| The problem |
Reproduce the data, keeping every word exactly as it is.

| Excerpted data |
────────────────
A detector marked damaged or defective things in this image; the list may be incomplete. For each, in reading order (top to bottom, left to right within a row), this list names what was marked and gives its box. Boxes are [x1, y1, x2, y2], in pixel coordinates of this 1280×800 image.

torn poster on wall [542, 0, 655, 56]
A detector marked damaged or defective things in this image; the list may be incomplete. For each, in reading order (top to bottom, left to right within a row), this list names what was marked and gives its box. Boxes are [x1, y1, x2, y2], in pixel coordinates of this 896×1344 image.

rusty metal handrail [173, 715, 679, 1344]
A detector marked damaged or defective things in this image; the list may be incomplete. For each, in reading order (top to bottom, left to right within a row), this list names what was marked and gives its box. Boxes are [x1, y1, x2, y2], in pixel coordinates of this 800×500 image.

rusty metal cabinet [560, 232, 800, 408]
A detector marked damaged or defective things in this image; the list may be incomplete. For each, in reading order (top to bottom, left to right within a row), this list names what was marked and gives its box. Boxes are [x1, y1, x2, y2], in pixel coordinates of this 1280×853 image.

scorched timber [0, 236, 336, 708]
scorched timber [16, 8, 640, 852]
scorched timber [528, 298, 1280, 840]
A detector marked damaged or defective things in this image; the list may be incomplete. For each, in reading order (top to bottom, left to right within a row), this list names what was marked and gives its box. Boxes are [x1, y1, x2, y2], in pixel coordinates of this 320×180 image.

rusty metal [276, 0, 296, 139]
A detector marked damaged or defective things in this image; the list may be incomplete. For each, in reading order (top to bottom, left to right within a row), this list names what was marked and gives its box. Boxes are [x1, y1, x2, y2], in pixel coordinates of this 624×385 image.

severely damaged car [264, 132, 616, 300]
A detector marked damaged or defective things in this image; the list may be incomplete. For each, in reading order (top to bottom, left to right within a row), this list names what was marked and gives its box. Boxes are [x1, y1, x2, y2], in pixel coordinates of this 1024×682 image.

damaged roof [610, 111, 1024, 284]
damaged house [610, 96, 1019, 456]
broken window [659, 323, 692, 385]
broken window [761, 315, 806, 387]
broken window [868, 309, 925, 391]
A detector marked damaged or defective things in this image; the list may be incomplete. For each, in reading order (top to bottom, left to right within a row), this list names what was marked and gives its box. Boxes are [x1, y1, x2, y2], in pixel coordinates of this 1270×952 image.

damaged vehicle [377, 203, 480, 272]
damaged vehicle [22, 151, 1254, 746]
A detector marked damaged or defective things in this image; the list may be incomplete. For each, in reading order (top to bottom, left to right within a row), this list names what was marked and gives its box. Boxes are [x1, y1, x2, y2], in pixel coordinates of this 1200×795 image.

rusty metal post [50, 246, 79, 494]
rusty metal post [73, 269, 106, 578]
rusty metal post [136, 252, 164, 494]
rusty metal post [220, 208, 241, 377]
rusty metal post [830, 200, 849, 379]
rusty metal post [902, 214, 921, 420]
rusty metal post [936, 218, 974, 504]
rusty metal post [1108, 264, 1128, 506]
────────────────
| Result of this task |
A detector marked damaged or defective things in this image; the list may be incomplete. For each, in reading order (top to bottom, left to right within a row), this list names what was marked and gives its box. Boxes are [x1, y1, x2, y2], in pixel coordinates of this 1280×800 image.

torn poster on wall [542, 0, 655, 56]
A detector marked damaged or defective things in this image; the list may be incomplete. For each, in reading order (top to bottom, left to right within a row), this list names what was marked and gives its box. Boxes are [x1, y1, x2, y2], in pixel coordinates of this 896×1344 image.

rusty metal handrail [173, 715, 679, 1344]
A detector marked damaged or defective things in this image; the list may be incomplete. For each, in reading order (top to bottom, left to right within a row), this list names what was marked and gives its box. Boxes are [x1, y1, x2, y2], in pixel coordinates of this 800×500 image.

rusty metal cabinet [560, 232, 800, 408]
A detector marked damaged or defective things in this image; the list may be incomplete. For each, in reading order (top to bottom, left to right within a row), this list names what was marked and gives its box. Boxes are [x1, y1, x2, y2], in pixel coordinates of this 1280×853 image.

scorched timber [0, 236, 336, 708]
scorched timber [16, 8, 640, 852]
scorched timber [528, 298, 1280, 840]
A detector marked damaged or defective things in this image; the list may be incomplete. For each, in reading order (top to bottom, left to right within a row), this list names what was marked and gives its box. Boxes are [x1, y1, x2, y2], in pixel coordinates of this 320×180 image.

rusty metal [276, 0, 296, 139]
A detector marked damaged or defective things in this image; the list may be incomplete. For each, in reading order (top to bottom, left to right within a row), this list names what was marked and gives its box. Boxes are [x1, y1, x2, y2], in pixel coordinates of this 624×385 image.

severely damaged car [264, 132, 616, 300]
A detector marked damaged or defective things in this image; the list may be incomplete. For each, in reading order (top to bottom, left to right within a row), this list names what was marked and gives its box. Boxes are [x1, y1, x2, y2], in pixel coordinates of this 1024×682 image.

damaged roof [610, 111, 1024, 284]
damaged house [610, 96, 1019, 456]
broken window [659, 323, 692, 385]
broken window [761, 315, 806, 387]
broken window [868, 309, 925, 391]
A detector marked damaged or defective things in this image; the list may be incomplete. For each, in reading order (top to bottom, left to right within a row), this list names what was marked and gives its box. Boxes are [x1, y1, x2, y2], in pixel coordinates of this 1270×952 image.

damaged vehicle [377, 203, 480, 272]
damaged vehicle [22, 151, 1254, 746]
A detector marked damaged or defective things in this image; the list may be incomplete. For each, in reading order (top to bottom, left to right within a row), this list names what was marked and gives its box. Boxes are [x1, y1, x2, y2], in pixel coordinates of this 1200×795 image.

rusty metal post [50, 246, 79, 494]
rusty metal post [73, 269, 106, 578]
rusty metal post [136, 252, 164, 494]
rusty metal post [220, 208, 241, 377]
rusty metal post [830, 200, 849, 379]
rusty metal post [902, 214, 921, 420]
rusty metal post [936, 218, 974, 504]
rusty metal post [1108, 264, 1128, 506]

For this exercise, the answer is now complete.